### Description of the task
From the records below, copy out exactly the lines from the one containing "Vintage Tennis Londres" to the one containing "Fullas Huayi Carburetor", both included. Add nothing else.

### Record extracts
──────────────────────────────

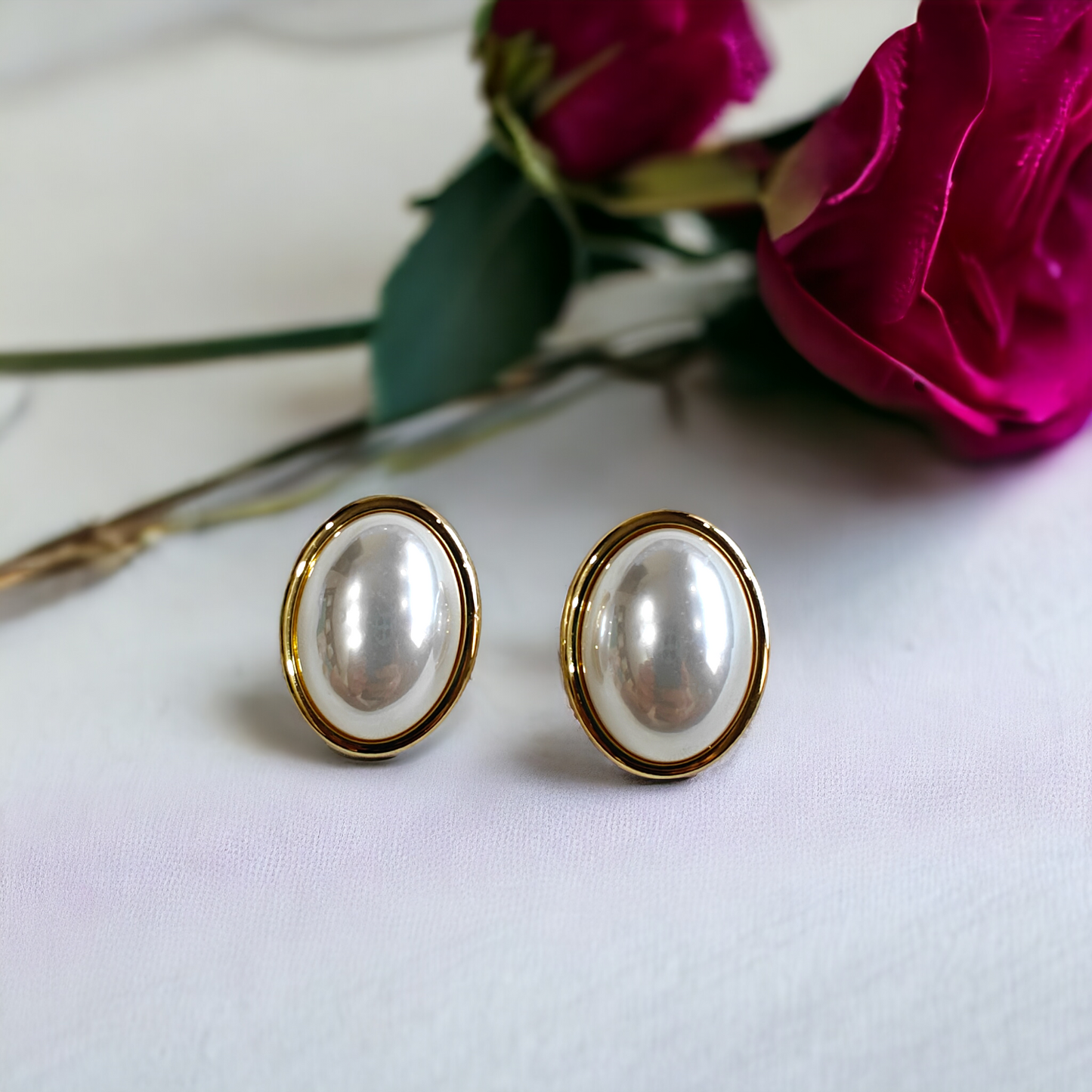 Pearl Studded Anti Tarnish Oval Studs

──────────────────────────────

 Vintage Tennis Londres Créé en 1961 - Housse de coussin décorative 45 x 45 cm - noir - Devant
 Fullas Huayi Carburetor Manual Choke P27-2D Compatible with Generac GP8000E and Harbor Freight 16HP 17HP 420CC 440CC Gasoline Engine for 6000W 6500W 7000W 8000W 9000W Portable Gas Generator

──────────────────────────────

### Task solution
 Vintage Tennis Londres Créé en 1961 - Housse de coussin décorative 45 x 45 cm - noir - Devant
 Fullas Huayi Carburetor Manual Choke P27-2D Compatible with Generac GP8000E and Harbor Freight 16HP 17HP 420CC 440CC Gasoline Engine for 6000W 6500W 7000W 8000W 9000W Portable Gas Generator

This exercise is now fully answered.